Em 2002, quando nasceu a MotoGP como substituta da classe 500cc e as motos 2 tempos ainda conviviam com os protótipos de 4 tempos, Rossi tinha já uma máquina novinha em folha e Barros fazia o que podia com uma 500cc. O brasileiro assustou Valentino em várias corridas e lembro que em Assen, na Holanda, Barros vendeu caríssimo a derrota na oportunidade. Quando teve em mãos a Honda RC211V, igual a do italiano, já campeão antecipado com imensa folga, Alex fez uma aposta com o amigo: as quatro provas finais eram uma espécie de "Mundialito" – um confronto direto pra ver quem se dava bem em condições iguais.

Pois os dois pilotos fizeram exatamente quatro pódios, com o brasileiro ganhando duas vezes e Valentino uma, na Austrália, após uma luta frenética com Barros, que venceu o "Mundialito" por um ponto – 86 a 85. Pena que, pelos anos seguintes, Alex não tenha tido condições mínimas para tentar ser o antagonista de Rossi na MotoGP.

Aliás, cabe notar que todas as sugestões dadas por Alex para melhorar a Yamaha na parte ciclística, o grande problema da M-1 na temporada 2003, foram adotadas no ano seguinte – justamente quando Rossi iniciou seu grande reinado na marca dos três diapasões. Foi providenciado um motor com giro mais suave nas retomadas, o que nunca fora feito pelos japoneses. E Rossi retribuiu, com 47 de seus 106 triunfos e quatro títulos mundiais pela Yamaha, superando os três em sequência que ganhara quando ainda era da Honda.
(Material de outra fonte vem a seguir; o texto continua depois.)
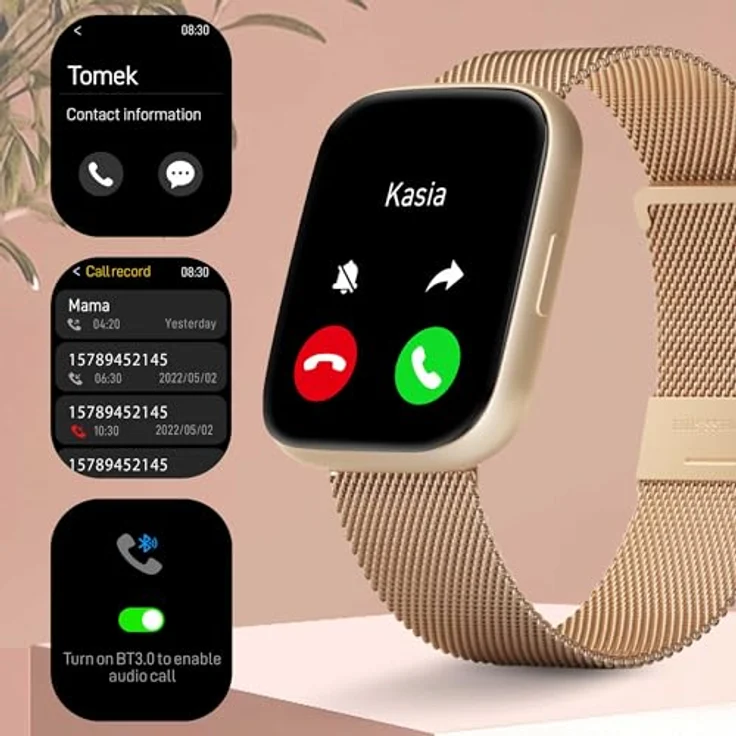FOREVER Smartwatch SW-330 ForeVigo 4 Rose Gold, AMOLED Bildschirm, leistungsstarker Akku – Bild 2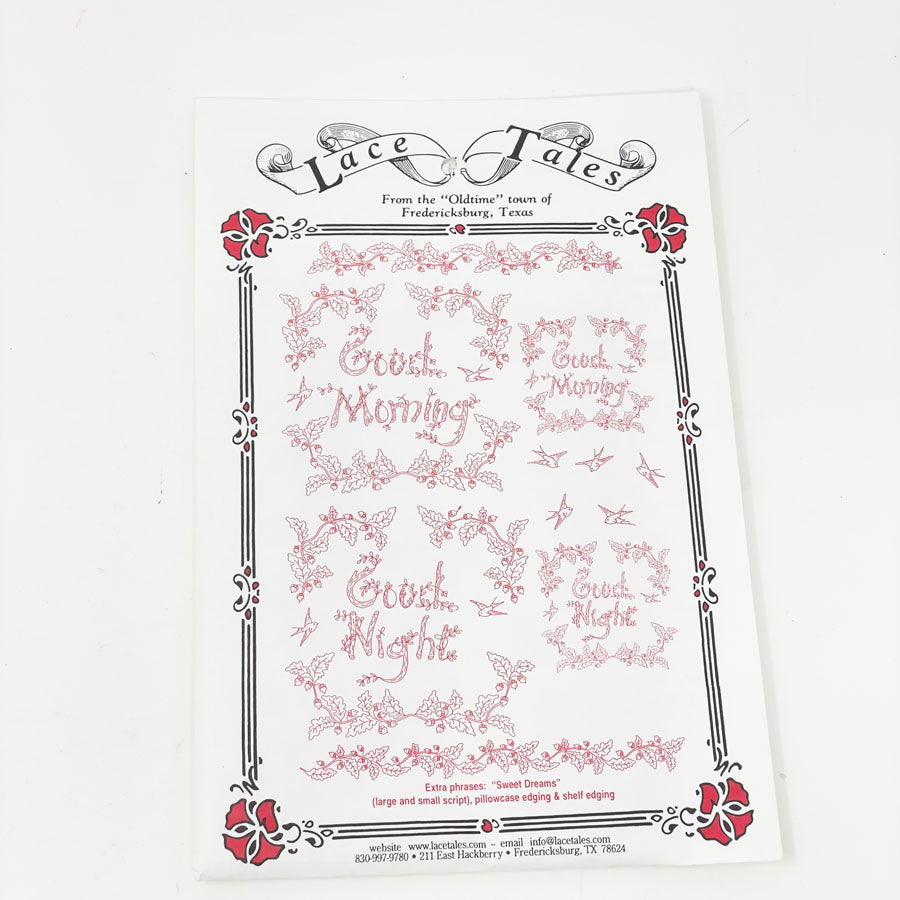 Lace Tales Transfers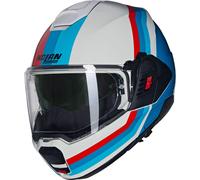 Nolan N120-1 Lineo N-Com casque pliable, blanc/bleu/rouge, L (60)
Acredito que os fãs também gostariam de ver Valentino atingir e até mesmo superar a histórica marca do compatriota Giacomo Agostini, que desde 1976 ostenta o incrível total de 122 vitórias, numa época em que os pilotos podiam se dividir entre uma ou mais categorias – e o número de etapas em cada uma delas era incomparavelmente baixo em relação aos dias atuais, o que faz de Agostini tão mito quanto Rossi. Só que Ago não teve 1% da mídia que o Doutor desfrutou durante todos esses anos, embora o reconhecimento ao feito do antigo piloto italiano seja mundial. Talvez as duas temporadas na Ducati, de apenas três pódios em 35 corridas tenham feito a diferença para que os números de Valentino ainda não chegassem perto aos de Agostini.
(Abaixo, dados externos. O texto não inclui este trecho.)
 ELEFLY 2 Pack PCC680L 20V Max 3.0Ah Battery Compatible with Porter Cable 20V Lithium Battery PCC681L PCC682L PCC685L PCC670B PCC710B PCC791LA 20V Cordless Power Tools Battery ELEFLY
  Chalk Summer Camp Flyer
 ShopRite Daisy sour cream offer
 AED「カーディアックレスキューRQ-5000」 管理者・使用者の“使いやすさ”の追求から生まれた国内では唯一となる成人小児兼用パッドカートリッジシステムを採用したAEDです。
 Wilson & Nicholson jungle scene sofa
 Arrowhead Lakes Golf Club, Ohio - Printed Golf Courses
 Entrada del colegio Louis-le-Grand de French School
Mas isso tem importância relativa, creio eu, neste momento. Com 19 temporadas no Mundial de Motovelocidade (contando esta) e 35 anos de idade, Rossi sabe que seu tempo está próximo do fim. O Doutor quer terminar a carreira por cima. Já é dono de equipe na Moto3, o futuro está muito bem encaminhado. E mesmo que não vença a temporada 2014 da MotoGP, deixou um sucessor à altura do que construiu nesses anos todos: o espanhol Marc Márquez, que neste ano venceu todas as provas da categoria principal .

Tomara que, quando você esteja lendo este último parágrafo, Rossi tenha conseguido quebrar a hegemonia do espanhol para emplacar a vitória de número 107 em sua tricentésima corrida no Mundial.